I spent much of my undergraduate life in UC Berkeley’s Astronomy department. I was an astrophysics and physics double major for quite a while, and I spent countless hours working with our undergraduate-built rooftop radio telescope (shown), both helping build it and serving as a teaching assistant in the laboratory course we designed around it. (Our article on the rooftop telescope was my first published paper!) It’s especially disturbing, therefore, to read the recent news about a nine-year pattern of sexual harassment by Berkeley astronomy professor Geoff Marcy, as revealed in a recent investigation publicized by Buzzfeed. The behavior is bad enough, but what’s really dismaying, as Michael Eisen and other have pointed out, is that according to Berkeley’s statements there are no consequences other than perhaps a firm talking to for repeatedly behaving in ways that are obviously wrong. “Obviously” is not open to much debate, and it seems like issues with Marcy’s behavior were pointed out to him many times over the past years — you can read the links for details. (New: a good summary from the Chronicle of Higher Education.) The university’s response is that there will be no leniency for future violations. Seriously.

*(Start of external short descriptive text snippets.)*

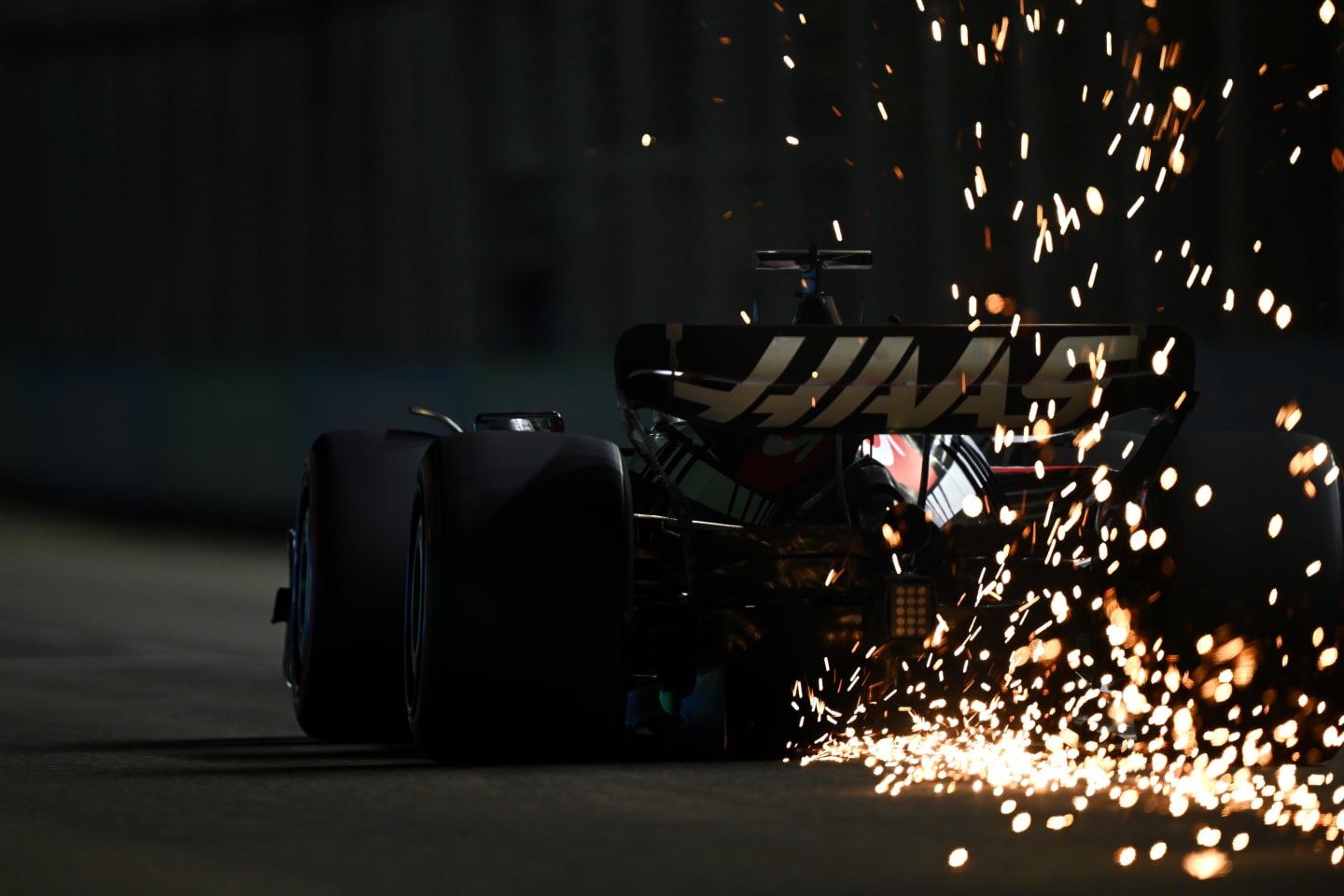 SINGAPORE, SINGAPORE - SEPTEMBER 16: Sparks fly from the car of Kevin Magnussen of Denmark driving the (20) Haas F1 VF-23 Ferrari during qualifying ahead of the F1 Grand Prix of Singapore at Marina Bay Street Circuit on September 16, 2023 in Singapore, Singapore. (Photo by Clive Mason/Getty Images)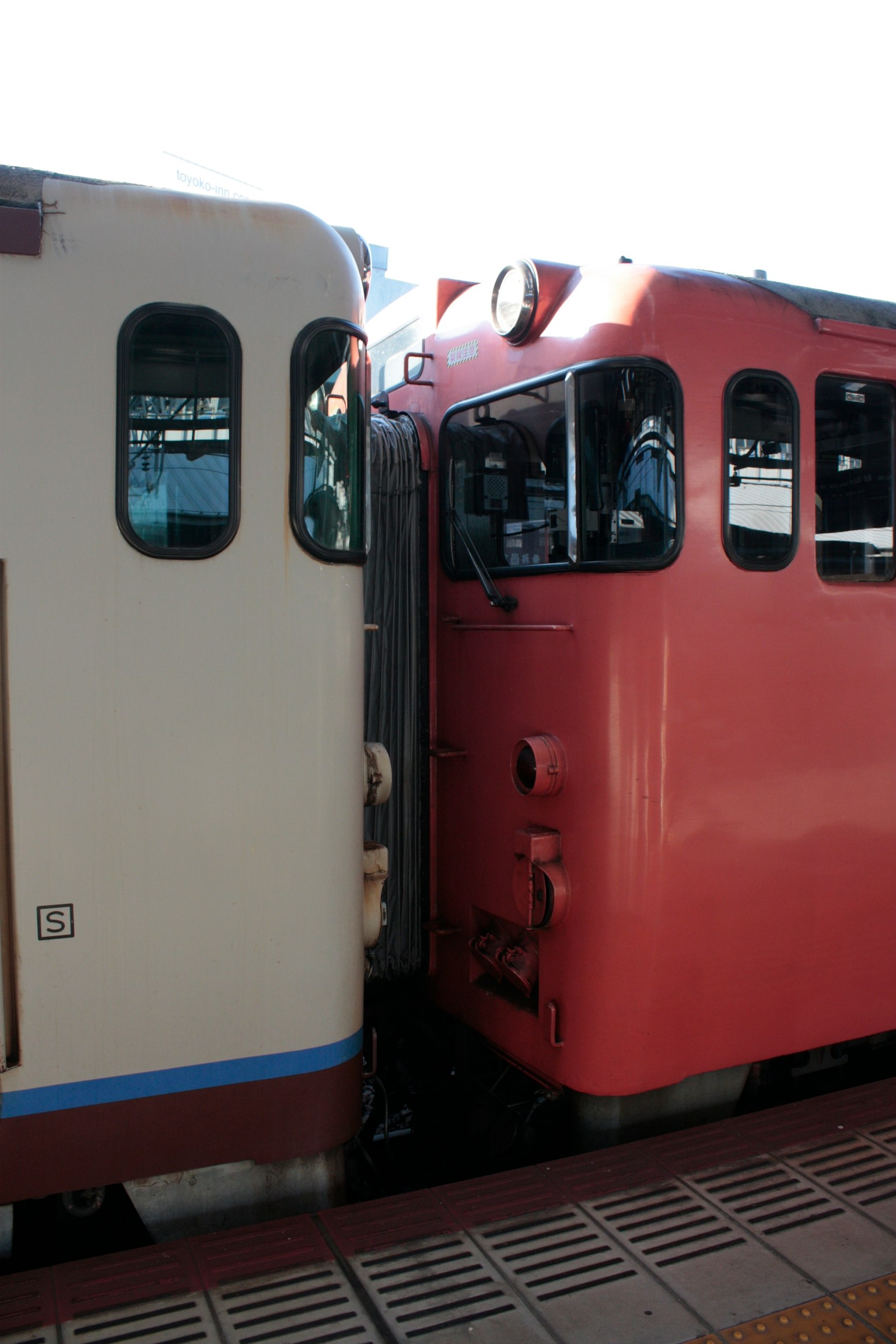 สองรถไฟอยู่ใกล้กันหนึ่งขาวและหนึ่งแดง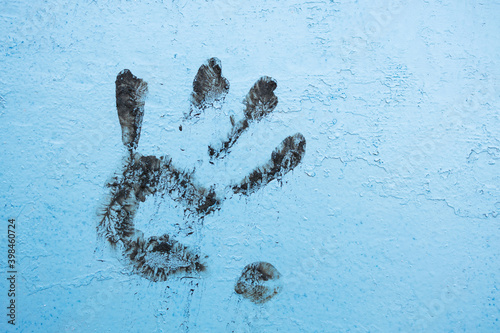 left hand print on a blue wall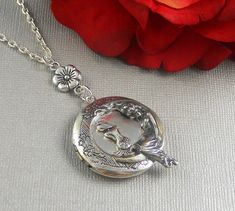 This fantasy inspired locket is 30 inches long. Sterling silver intique platted round locket has beautiful engraved floral patterns on the sides. I have set a tiny cute vintage silver mermaid embellishment in the middle of locket. Next to that is moon Goddess, sitting on the side watching over. Necklace is hanging from antique silver floral link. Pendant is finished with silver chain and silver lobster clasp. Locket is 32mm in size. It has room for two photos inside! Please let me know at checko Bohemian Engraved Round Locket Necklace, Bohemian Engraved Round Pendant Locket Necklace, Moon Locket, Mermaid Locket, Mermaid Moon, Silver Mermaid, Round Locket, Mermaid Jewelry, Silver Locket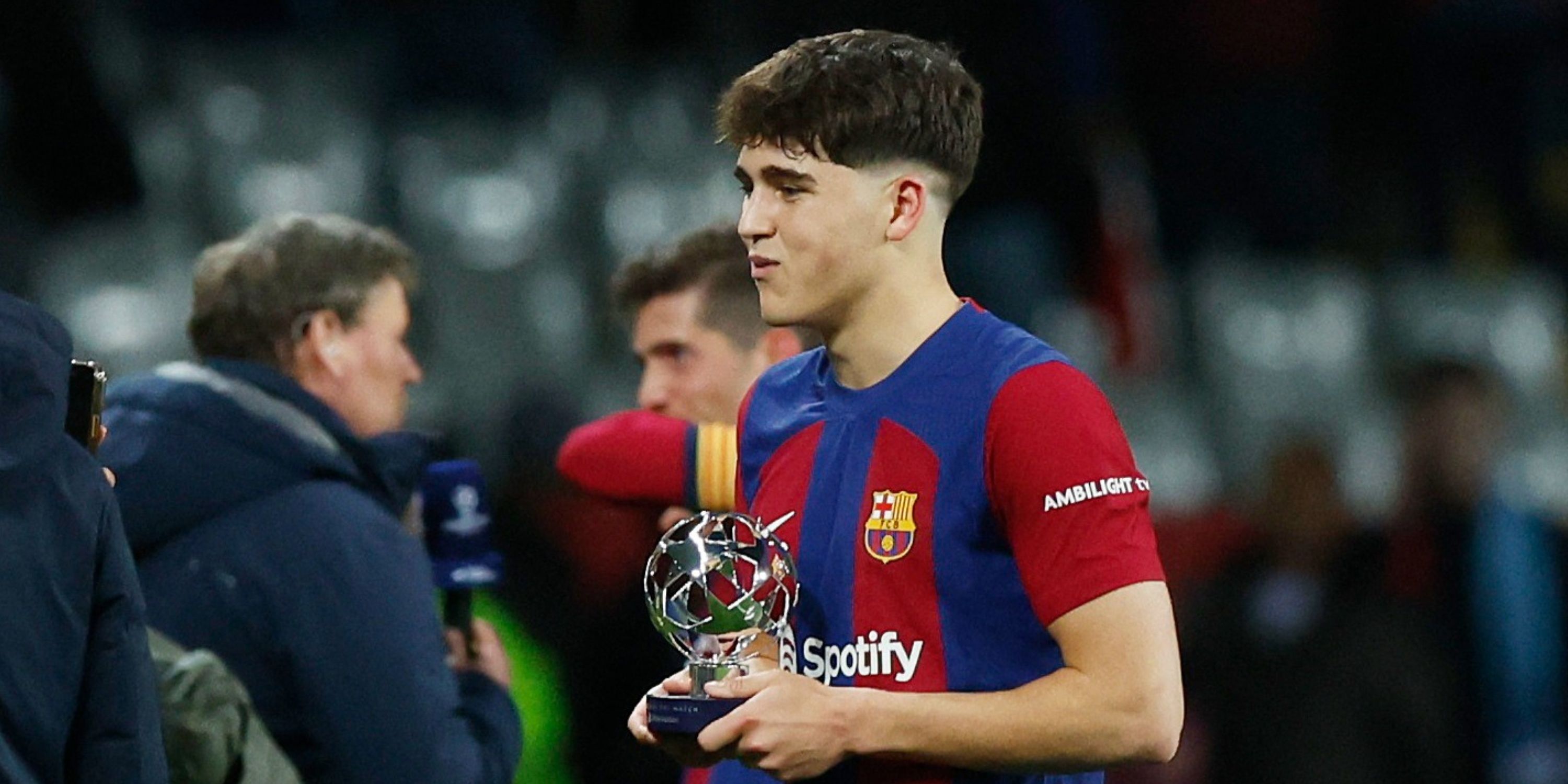 Pau Cubarsi holding a trophy for Barcelona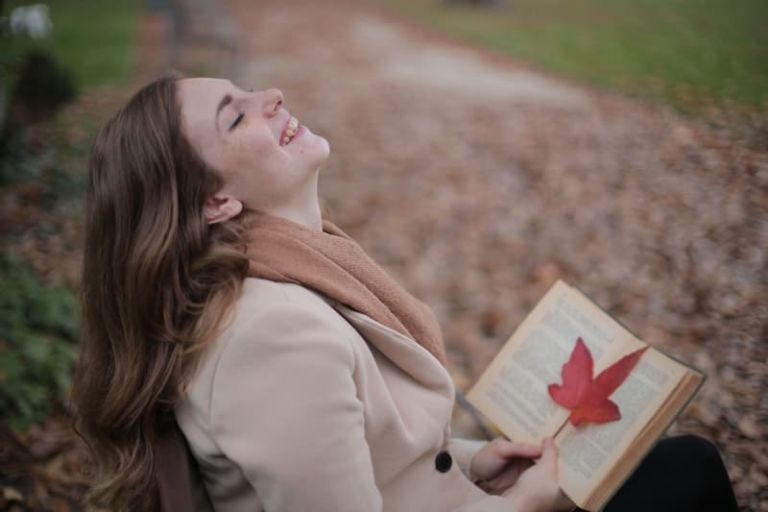 joyful woman sitting on a bench smiling and feeling happy while holding a book with a red leaf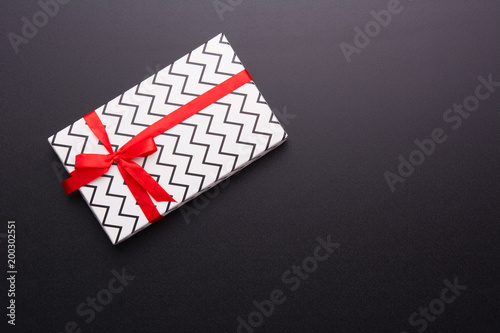 Hands holding wrapped gift box with colored ribbon as a present for Christmas, new year, mother's day, anniversary, birthday, party, on black background, top view. Present for a colleague at work.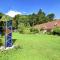 Cosy holiday home with gazebo on the edge of the forest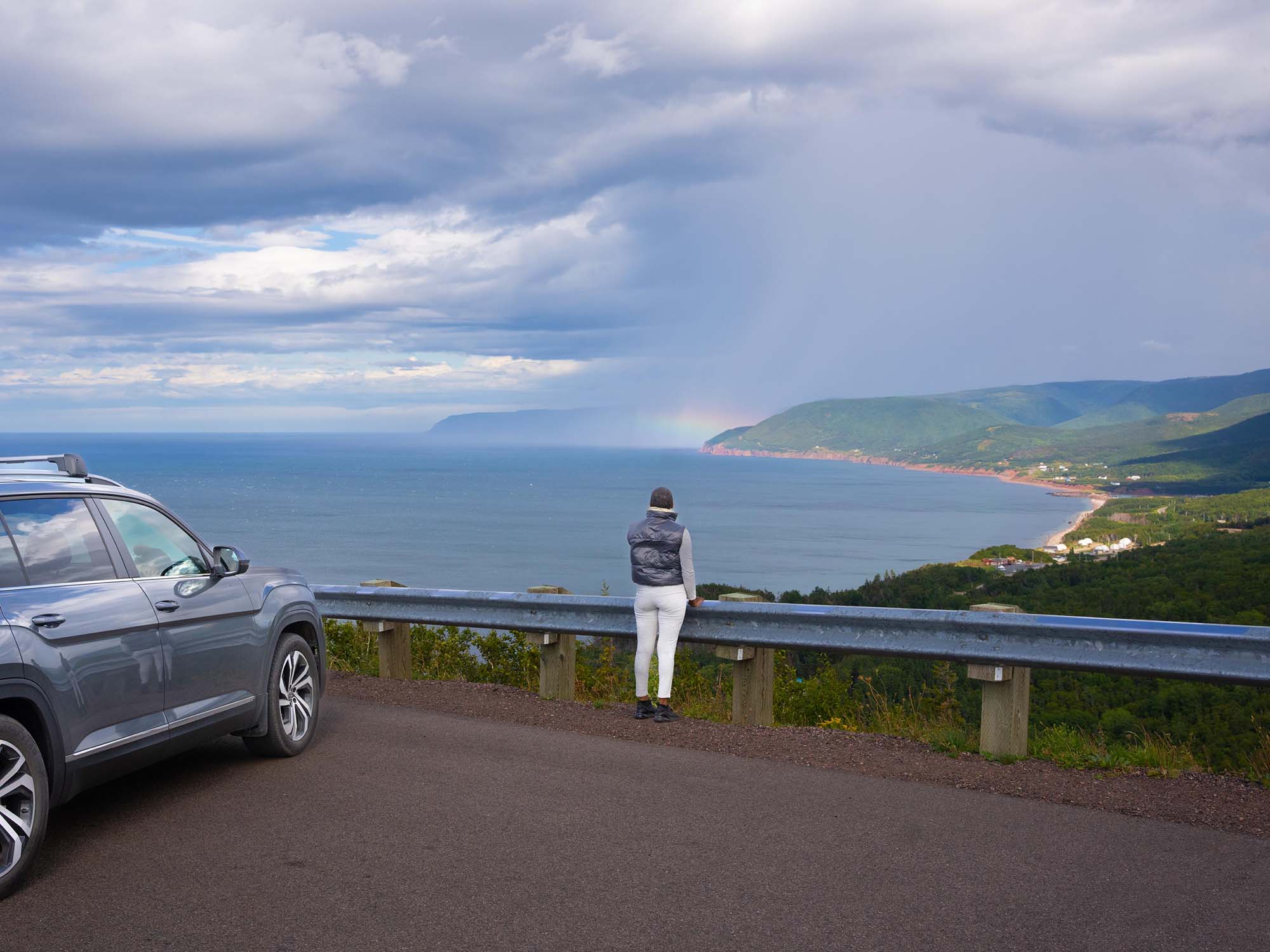 Person taking in the view of a rainbow in the mist from one of the 26 look-offs on the Cabot Trail in Cape Breton, Nova Scotia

One encouraging development, though, is that nearly all of the Astronomy department faculty have signed a letter stating that Marcy should no longer be part of the faculty. I’m happy, though certainly not surprised, to see that Carl Heiles, the main faculty supervisor of our undergraduate radio astronomy efforts, is a signatory. Working and studying in Berkeley’s astronomy department had an enormous influence on my development as a scientist, and I remember it very fondly as an environment that was stimulating and challenging as well as friendly and supportive. The faculty who worked with us — most notably Prof. Carl Heiles and Dr. Dick Treffers — were wonderful. I’ll also note, by the way, that two of the four student authors on the paper linked above are women — one of whom, unlike me, is now an Astronomy professor.
I hope that other students at Berkeley today and in years to come can have the same sorts of experiences that I did. I’m dismayed that Berkeley’s administration appears to support the activity of a faculty member who, it seems, has very different views on meaningful interactions with students. I wouldn’t advocate sacking him altogether (though I don’t think this is out of the question), but I would at least have hoped for a period of barring Marcy from supervision of and contact with students (with a corresponding loss of pay).
(Note: the title refers to my previous post, not other problems at Berkeley.)
Update: As I was inserting links before posting this, I learned that Geoff Marcy, a few hours ago, resigned from Berkeley’s astronomy department.